Credit: Rachel Ray
Originally from March 2013 on my old blog
I served these with Pan-Roasted Pork Chops with Crispy Prosciutto and Roasted Red Grapes with Pan Sauce, which is also posted on my blog.
~1 pound green beans, trimmed and washed
~1 (2-ounce) bag sliced almonds (Rachael Ray claimed you could find them in the baking isle, but I didn’t find anything like that. There was only a big, 10 ounce bag. I just bought the whole thing and saved the rest for other uses).
~½ lemon, juiced and zested
~1 tablespoon butter
~Salt and pepper
In a medium pan, toast almonds over medium heat. This will take around 3 minutes or so. Keep watching the almonds and moving them around: they’re easy to burn! Once they have some color on them and you can smell them, they’re done.

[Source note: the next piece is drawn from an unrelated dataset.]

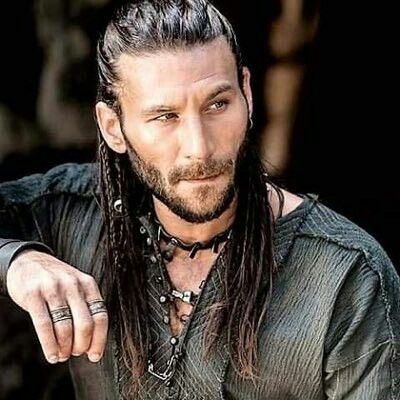 ~Zach McGowan As Captain Vane In The Series ~Black Sails † Charles Vane Black Sails, Zack Mcgowan, King Roan, Black Sails Starz, Zach Mcgowan, Charles Vane, Pirates Life For Me, Pirates Life, Pirate Shirts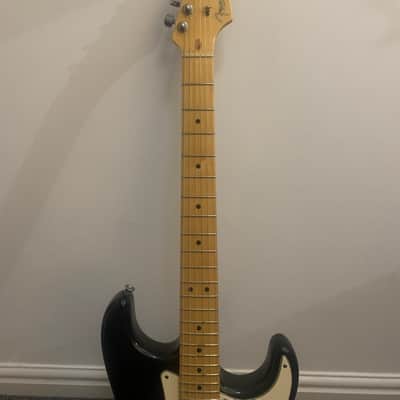 Fender American Standard Stratocaster with Maple Fretboard 2008 - 2016 - Black image 3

You can either boil or steam the green beans. I prefer to steam them: it preserves the nutrients, and it’s much easier. Either way: cook the green beans al dente; they should be crisp and bright green, not mushy and dark.
Drain the beans. Melt the butter in a saute pan over medium heat. Add lemon juice and zest, then beans. Coat the beans evenly with the butter. Season with salt and pepper and transfer to a serving plate. Top with the almonds and serve.